:: EXTRACTED DATA ::

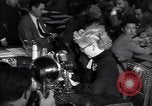 Immagine di Audizione HUAC Washington DC USA, 1947, secondo 57 filmato di repertorio 65675026587
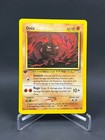 Onix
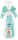FENJAL GP Pflegeset Classic Dusch 200ml + Lotion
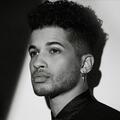 Jordan Fisher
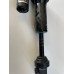 ROCKSHOX Zadní tlumič Super Deluxe Ultimate Coil DH RC2 - (225X75) - použitý na školení RS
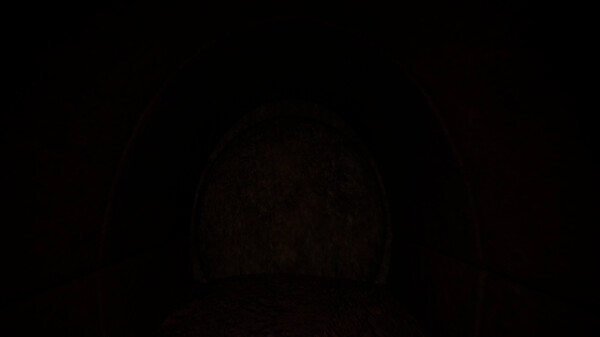 Pipeline Crawl screenshot 1
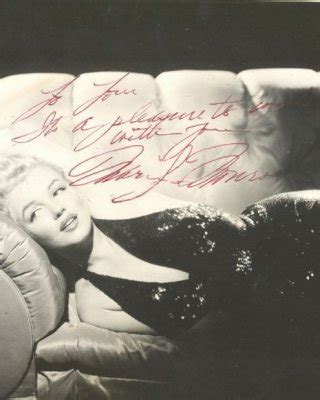 Marilyn Monroe Internet Finds Porn Pictures Xxx Photos Sex Images Pictoa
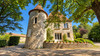 French property for sale in Savignac-de-l'Isle, Gironde - €477,000 - thumbnail 10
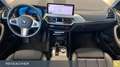 BMW X3 xDrive 20dA LCProf,AHK,ACC,Sportsitze,360° Weiß - thumbnail 6
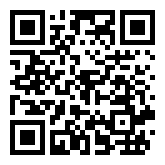 https://www.chigua1.com/scock/1510899435.html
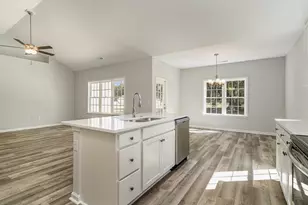 1140 Marley St, Conway, SC 29527 - Photo 9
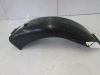 Hinterradabdeckung Yamaha XJ 900 S Diversion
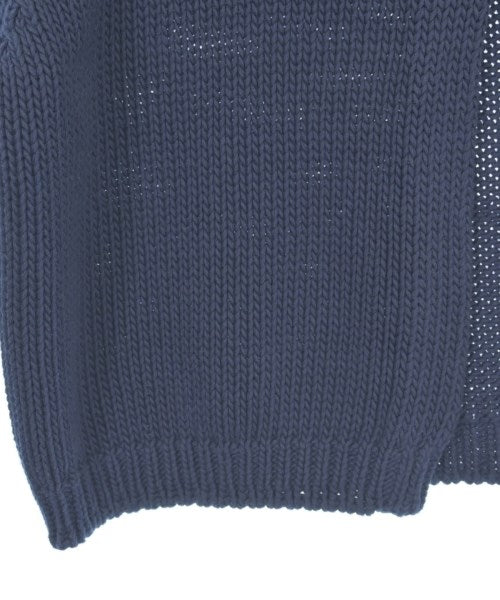 JIL SANDER 開襟衫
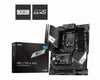 MSI PRO Z790-A WIFI ATX Motherboard | LGA1700 | 4x DDR5 Slots | Wi-Fi 6E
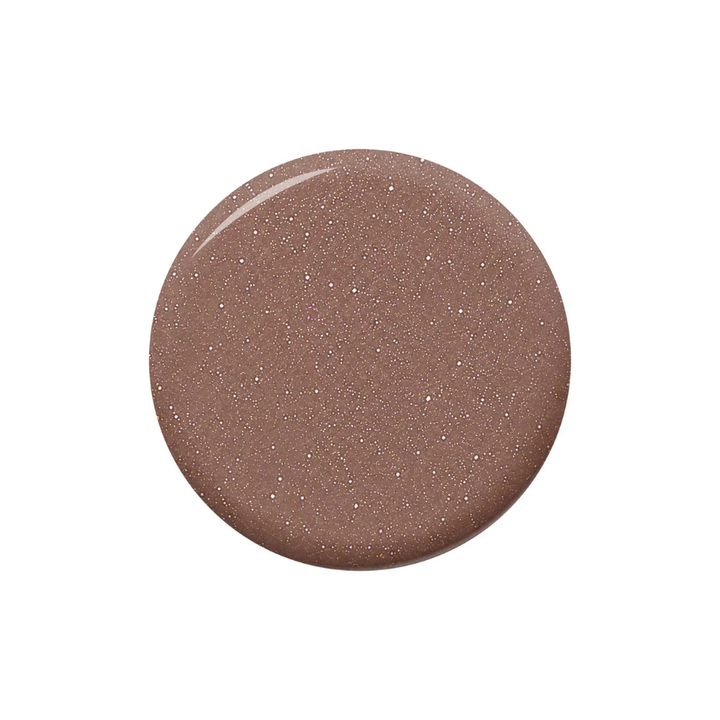 Gel Colour GOLDEN TAUPE 18ml HEMA FREE
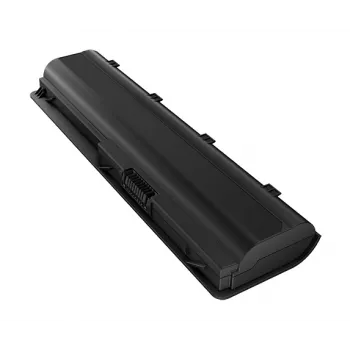 Baterija HP 593554-001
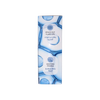 BIODERMA ATODERM INTENSIVE-OFFER (BAUME 500ML + GEL 200ML) SubB02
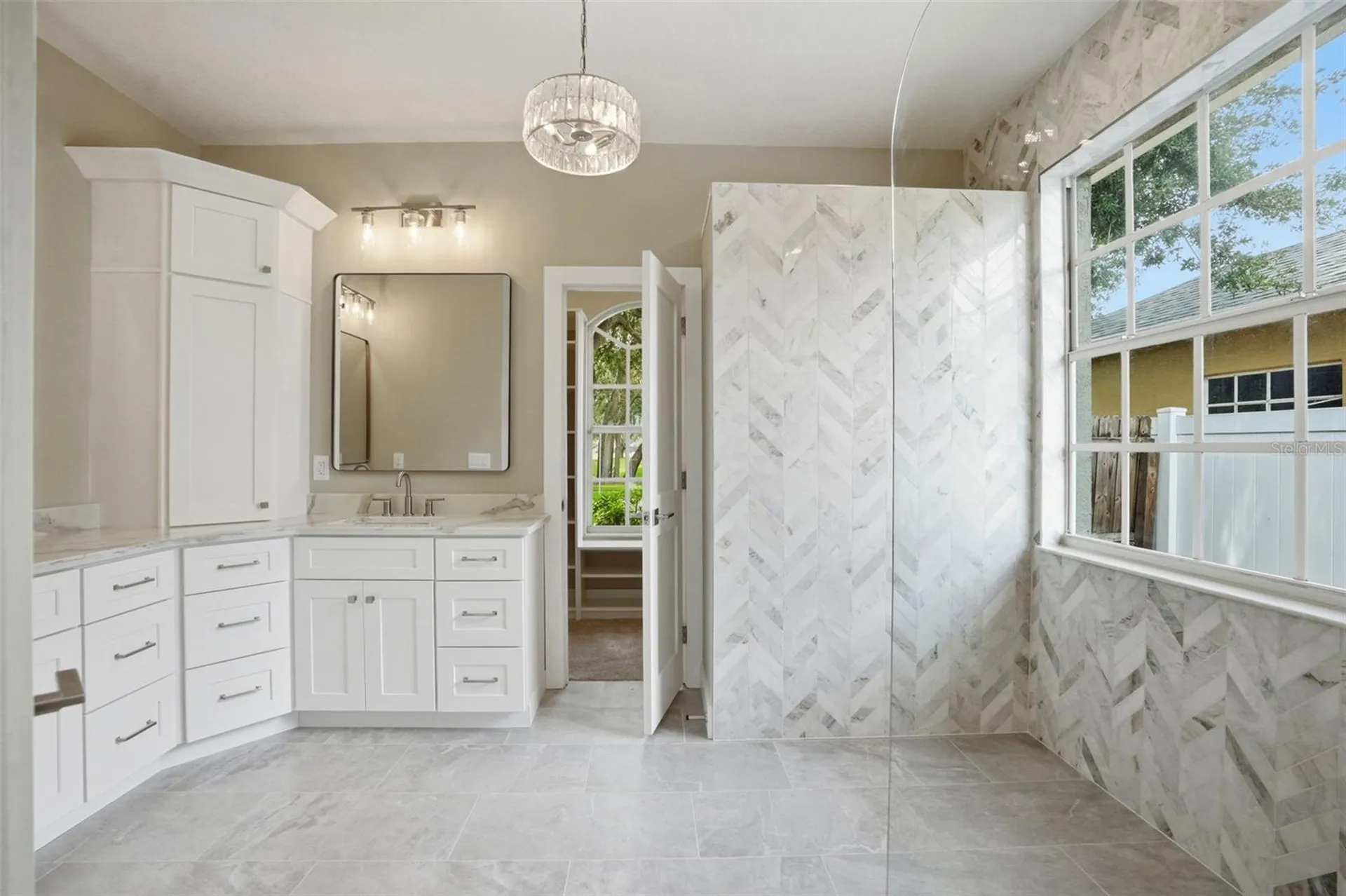 1725 River Watch Boulevard Tarpon Springs FL 34689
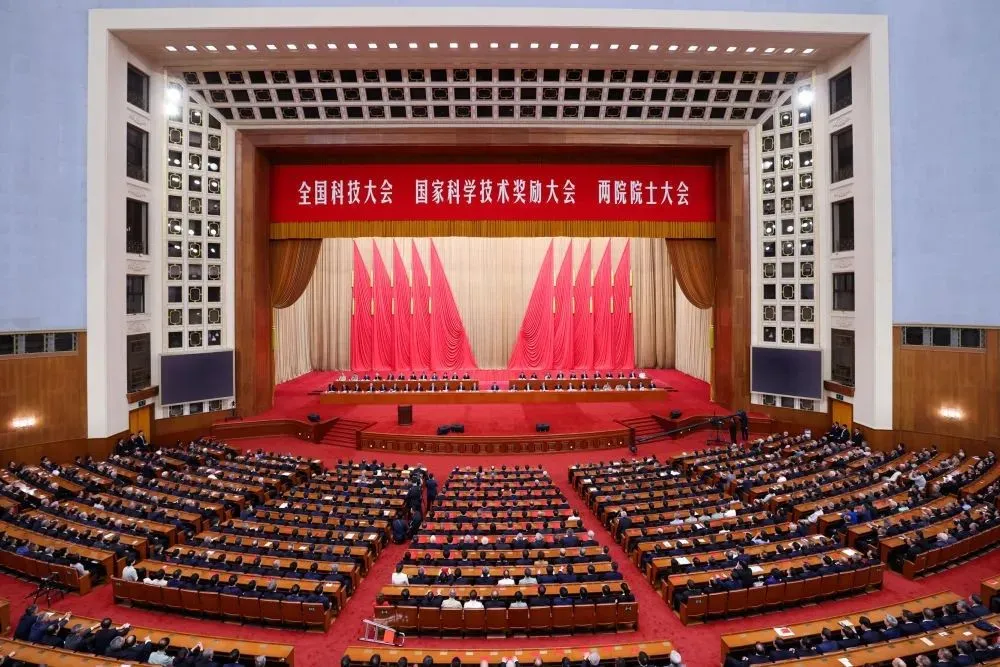 倍道兼程 精益求精 | 尊龙时凯2024年第二季度动态速览 倍道兼程 精益求精 | 尊龙时凯2024年第二季度动态速览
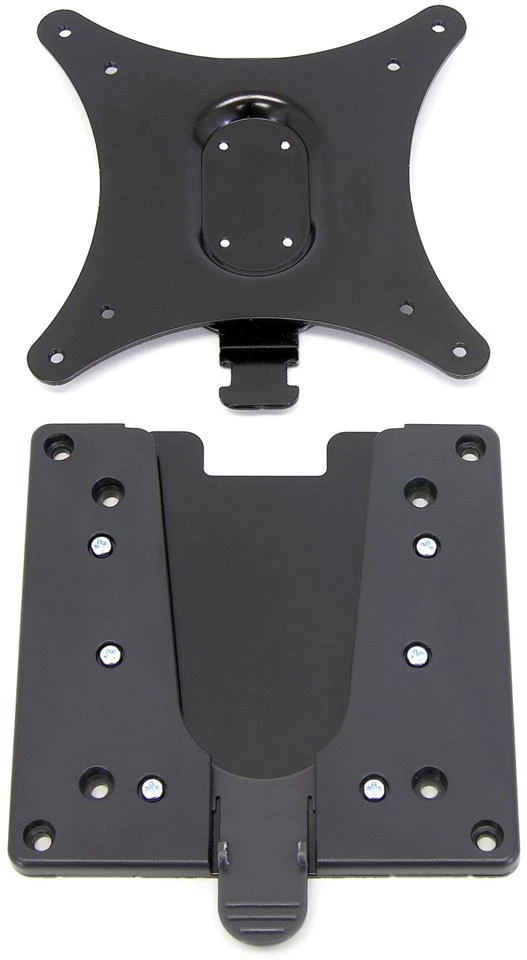 Ergotron 60-589-060 nagyítás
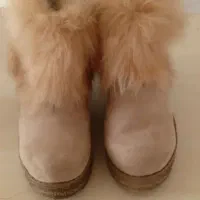 کفش|کیف، کفش، کمربند|ملایر, |دیوار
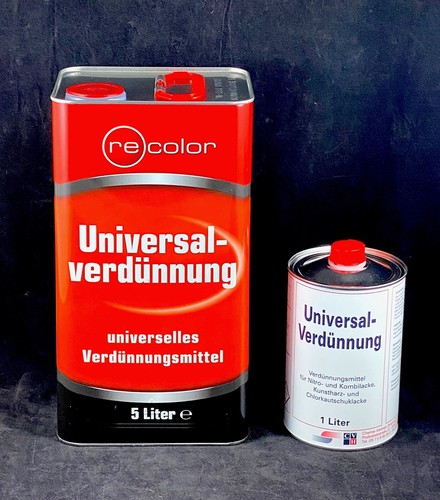 (9,99€-4,00€/L)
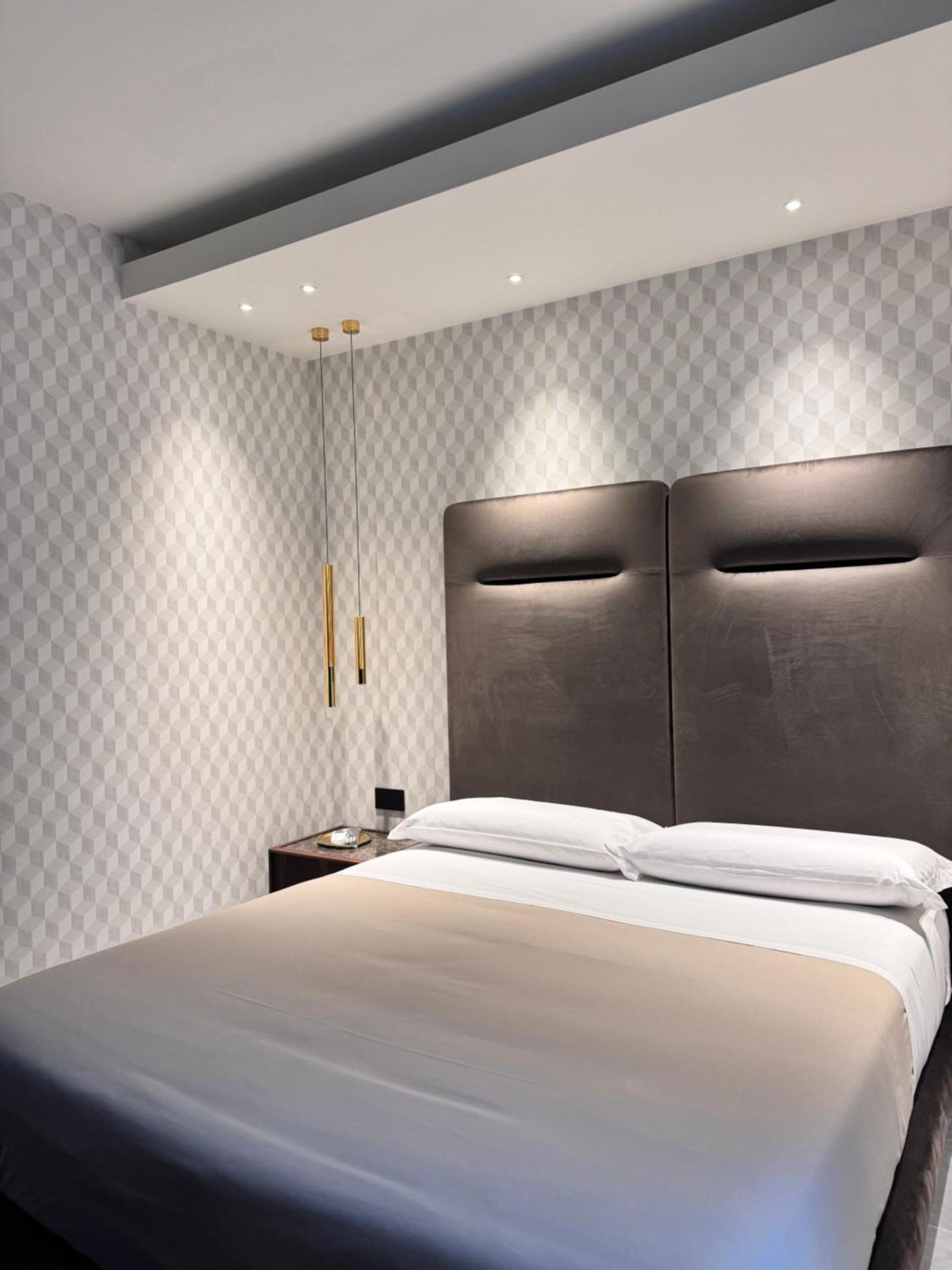 Deco Artrooms بورتو سيساريو المظهر الخارجي الصورة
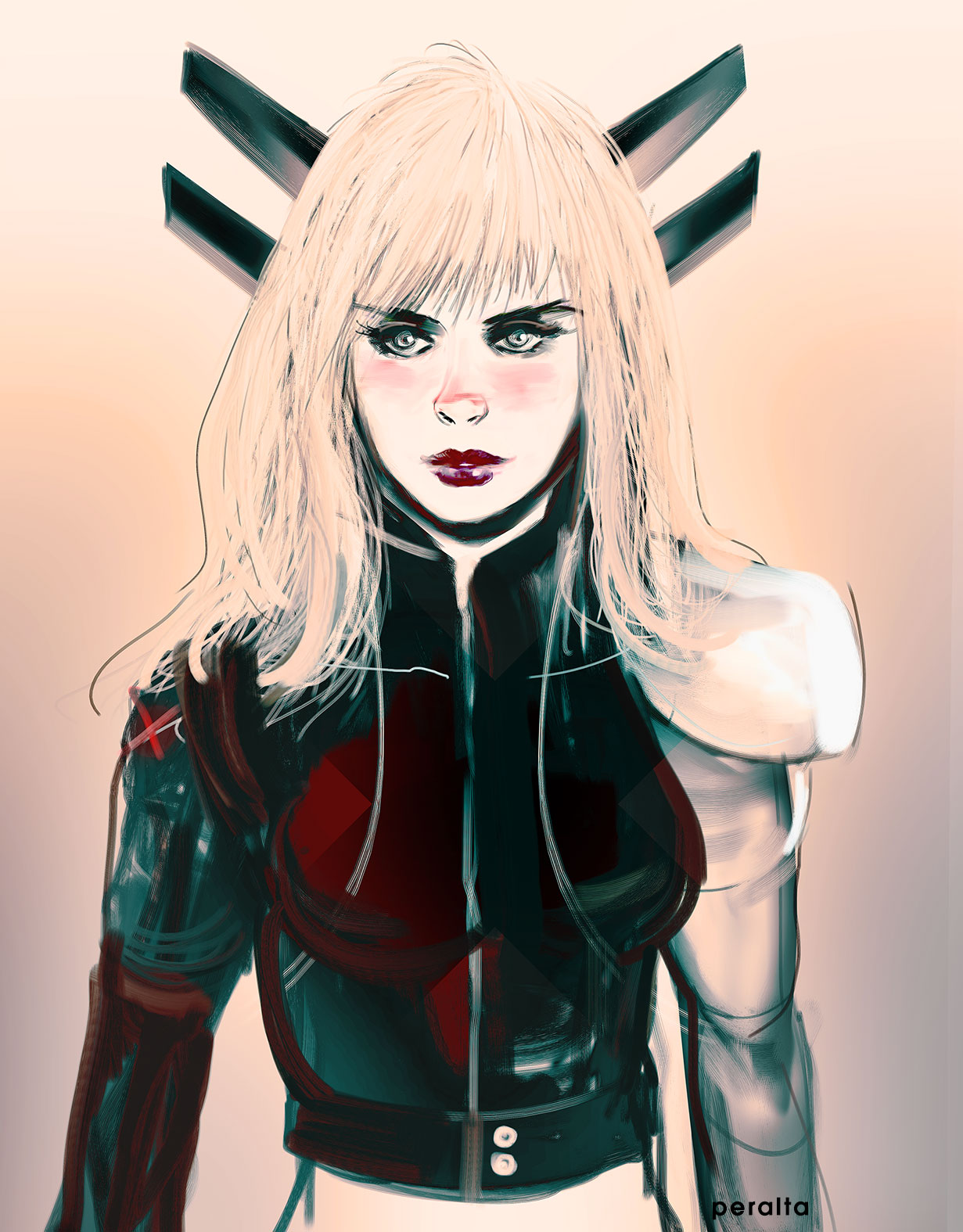 Magik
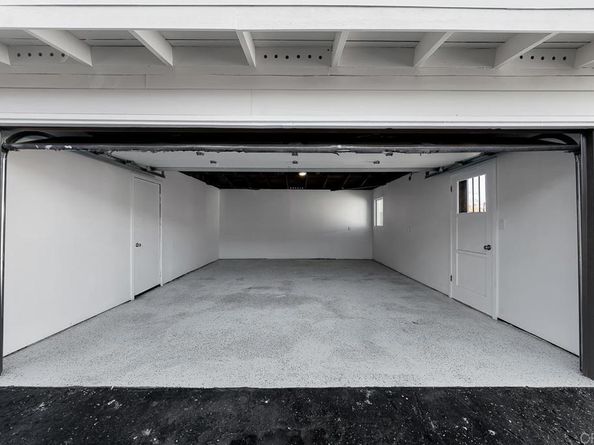 12721 Julian Avenue, Lakeside CA 92040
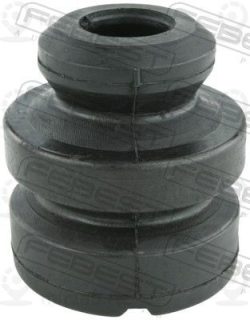 Запчасть FEBEST TDGX100F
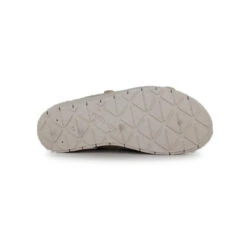 ROHDE Sabots / Mules Pour Femme N°1415 -Magasin De Chaussures Mode Pour Femmes n1414 5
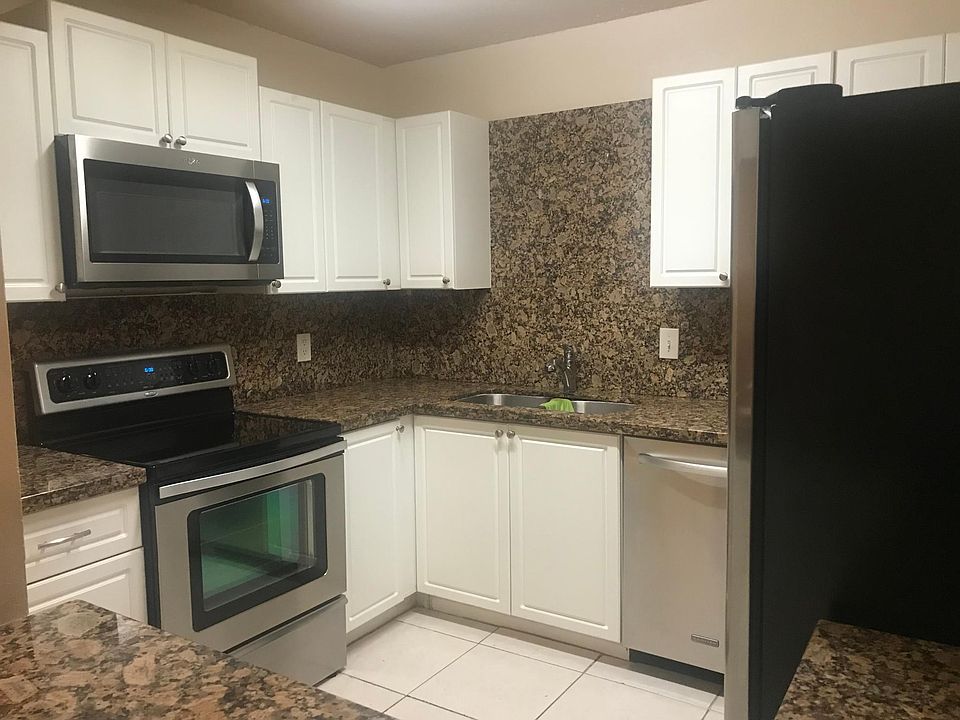2nd image of 10853 NW 45th St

:: PROBLEM STATEMENT ::
Reproduce word for word the lines from the line with "Запчасть FEBEST TDGX100F" to the end of the entries above, both included, but leave the pictures out.

:: COMPLETED TASK ::
 Запчасть FEBEST TDGX100F
 ROHDE Sabots / Mules Pour Femme N°1415 -Magasin De Chaussures Mode Pour Femmes n1414 5
2nd image of 10853 NW 45th St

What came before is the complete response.